Though not always, sometimes the quality of unreleased songs can be quite high resulting in great music being exposed for the first time which is something that I can definitely appreciate. Also, the release of outtakes have at times revealed the limitations that artists sometimes have in being the best judge of their own work.
For example, Bob Dylan. When Columbia released the first of what is still today a continuing series of unreleased music, “the bootleg series”. It was enormously fascinating and thrilling to hear songs for the first time that were outstanding and simply flawless like “Let Me Die In My Footsteps”, “Moonshiner”, “Blind Willie McTell, “Foot Of Pride” and “Series Of Dreams”. And it is also a serious mental exercise to try to figure out how such a brilliant artist could make such poor musical decisions because to not have included those songs on official releases is simply mind boggling.
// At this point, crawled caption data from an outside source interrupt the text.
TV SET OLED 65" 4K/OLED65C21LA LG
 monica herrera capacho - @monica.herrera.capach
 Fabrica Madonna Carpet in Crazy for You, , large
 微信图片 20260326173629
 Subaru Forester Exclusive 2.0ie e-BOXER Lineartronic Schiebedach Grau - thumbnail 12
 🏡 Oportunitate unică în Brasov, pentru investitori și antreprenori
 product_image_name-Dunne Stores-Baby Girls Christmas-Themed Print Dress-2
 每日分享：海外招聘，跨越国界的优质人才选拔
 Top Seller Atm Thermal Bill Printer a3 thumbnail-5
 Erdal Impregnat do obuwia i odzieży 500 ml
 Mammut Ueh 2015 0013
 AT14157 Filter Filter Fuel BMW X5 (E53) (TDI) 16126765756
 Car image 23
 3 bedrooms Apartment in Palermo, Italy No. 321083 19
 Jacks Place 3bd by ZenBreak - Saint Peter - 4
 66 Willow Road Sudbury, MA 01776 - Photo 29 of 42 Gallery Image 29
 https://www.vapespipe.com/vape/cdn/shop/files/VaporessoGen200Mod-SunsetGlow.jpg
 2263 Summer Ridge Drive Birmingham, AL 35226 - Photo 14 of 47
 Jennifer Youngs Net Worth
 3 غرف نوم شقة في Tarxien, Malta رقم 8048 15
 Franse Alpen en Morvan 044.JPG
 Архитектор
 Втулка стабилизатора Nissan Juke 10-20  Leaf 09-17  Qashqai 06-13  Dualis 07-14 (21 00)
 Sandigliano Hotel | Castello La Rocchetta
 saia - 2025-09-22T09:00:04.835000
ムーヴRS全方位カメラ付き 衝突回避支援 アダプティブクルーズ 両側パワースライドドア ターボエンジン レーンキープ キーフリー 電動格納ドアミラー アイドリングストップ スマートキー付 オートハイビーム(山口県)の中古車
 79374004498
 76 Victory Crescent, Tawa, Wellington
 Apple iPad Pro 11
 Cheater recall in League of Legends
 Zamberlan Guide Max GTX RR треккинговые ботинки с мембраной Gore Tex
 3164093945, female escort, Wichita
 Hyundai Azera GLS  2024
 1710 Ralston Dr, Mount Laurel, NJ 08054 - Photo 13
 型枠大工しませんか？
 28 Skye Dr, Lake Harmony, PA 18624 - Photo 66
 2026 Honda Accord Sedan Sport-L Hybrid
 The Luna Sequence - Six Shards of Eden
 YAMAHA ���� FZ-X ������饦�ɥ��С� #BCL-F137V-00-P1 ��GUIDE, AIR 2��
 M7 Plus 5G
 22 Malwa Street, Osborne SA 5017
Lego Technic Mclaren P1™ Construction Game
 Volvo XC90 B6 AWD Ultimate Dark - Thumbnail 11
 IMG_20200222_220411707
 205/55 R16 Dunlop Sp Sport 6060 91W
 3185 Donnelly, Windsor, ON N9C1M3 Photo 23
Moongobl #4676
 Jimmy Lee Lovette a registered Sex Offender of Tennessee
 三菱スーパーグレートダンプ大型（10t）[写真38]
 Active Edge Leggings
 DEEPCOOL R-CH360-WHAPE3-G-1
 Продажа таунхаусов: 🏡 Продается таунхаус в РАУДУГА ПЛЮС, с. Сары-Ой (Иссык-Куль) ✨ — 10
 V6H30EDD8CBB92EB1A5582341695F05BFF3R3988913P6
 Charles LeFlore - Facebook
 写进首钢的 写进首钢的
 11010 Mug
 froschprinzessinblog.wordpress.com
But that is part of the fun of listening to unreleased material.
Also, unfinished songs or alternative versions with different lyrics or arrangements are interesting to take in and absorb, aesthetically and as unique musical creations and I’ve found that to be true in reissues of artists like Miles Davis, Art Blakey, Bill Evans, Marvin Gaye, Bob Marley, and many others.
I bought the Siembra reissue in 2006 and if it ever materializes I will of course buy the new edition of Siembra with the session outtakes.
It’s a good decision by Willie Colón. Fan reaction notwithstanding, it obviously makes alot of sense from a business standpoint and musically, the reputation of Siembra and of Willie as an artist will remain intact. And the inevitable success of a Siembra reissue with outtakes might even start a trend in Latin music where other artists will begin to release material long held in the vaults.
In the future maybe more outtakes by other Fania greats. Perhaps someday there’ll be some great outtakes released by Juan Luis Guerra, Spanish Harlem Orchestra, Afro-Cuban All Stars, and so on.
Salsa fans to Willie Colón: Let the music be heard
Looking to avert a backlash from salsa fans, Willie Colón is withdrawing his opposition to the release of additional outtakes from “Siembra,” the classic album he created with Rubén Blades 30 years ago.
As reported in the Viva last week, some unreleased music from “Siembra” is included in the cache of tapes discovered three years ago in an upstate warehouse by Emusica, a Florida company that purchased Fania Records.
Colón threatened to go to court if Emusica published any new “Siembra” material, but the reaction to the story made him change his mind.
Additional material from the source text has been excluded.